Wednesday, October 08, 2014

Gems from Amartya in An Uncertain Glory

I'm learning a lot from reading An Uncertain Glory which Amartya kindly sent me.  They take a loving and critical look at this great country, expressing grave concern that although in GDP terms there has been enormous progress, in other social and development indicators, such as health and education, the situation is seriously disappointing.

One basic problem is that India failed to invest in education. "Indian planners were at the opposite pole from planners in all the Communist countries ....[who] all valued universal standard school education. Interestingly they were also ignoring... Milton Friedman, who submitted an enlightening 'memorandum to the government of India' in 1955 where he emphatically argued that Indian planning was giving too much importance to physical capital and grossly neglecting 'human capital'."
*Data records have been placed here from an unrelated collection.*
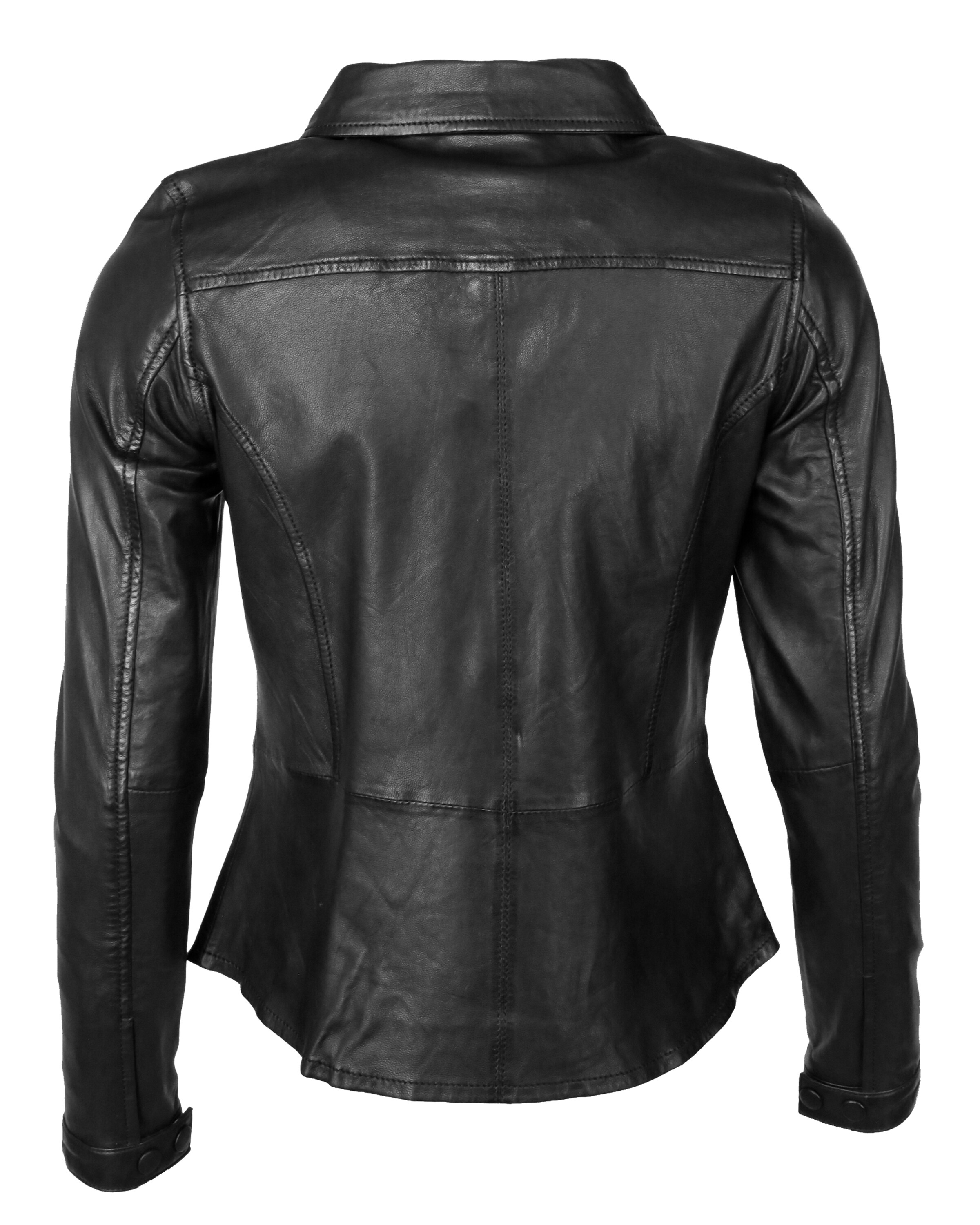 Maze Jacke in Schwarz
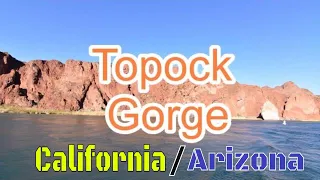 Topock Gorge | Colorado River | Lake Havasu | I-40 Bridge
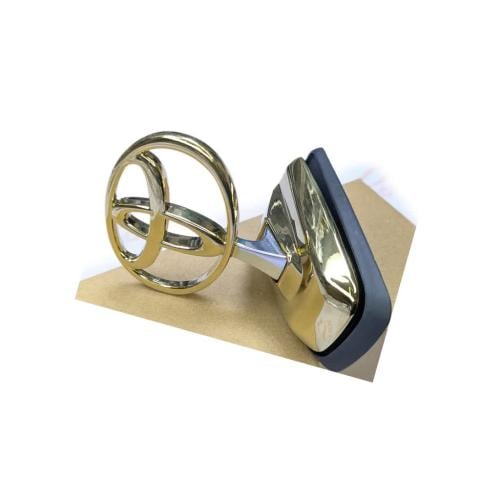 علامة كبوت لاندكروزر 98 - 2007 ذهبي كوبي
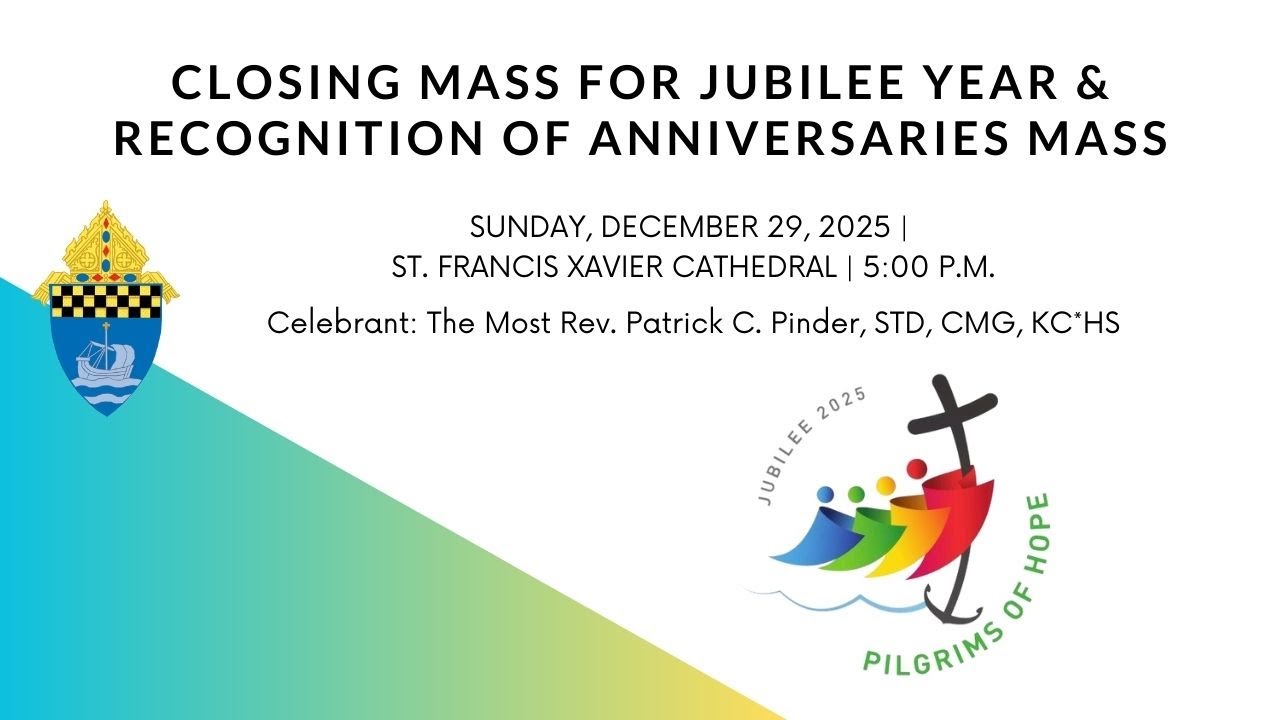 CLOSING MASS FOR THE JUBILEE YEAR 2025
They compare India with other South Asian countries and note that Bangladesh, with a much lower per capita income, is ahead of India on many social issues (including life expectancy at birth).

They have an excellent though of course rather depressing chapter on Accountability and Corruption. They point out the need to distinguish between  "two different questions:
  1. In what areas can the public sector, given feasibly good arrangements, serve the interests of the public better than the private sector?
  2. How  can public sector institutions be made accountable so that the serve well the purposes for which they are set up?"
They instance India's electricity sector where "A large proportion of electricity supply is actually stolen or unaccounted for, and while those in charge know this, they are not inclined to engage with the problem as it can have significant political consequences."  They say that "the basic lacuna is the almost total absence of responsibility attributed to particular persons who take decisions... without having to face any consequences themselves if things go badly wrong."

They point out how damaging subsidies of electricity and fertilizer are (the latter accounted for 1.5% of India's GDP in 2008-9 which was more than public expenditure on healthcare!) and "revenue foregone" in taxes is 5% of GDP.

They also note that "no government employee can be prosecuted for dereliction of duty without prior permission of the government, which is rarely granted...'previous sanction' of the concerned government is required even to 'take congnizance' of a violation of the [Prevention of Corruption] Act on the part of a public servant."

There is much more wonderful material which I haven't yet got time to blog. Do read the book!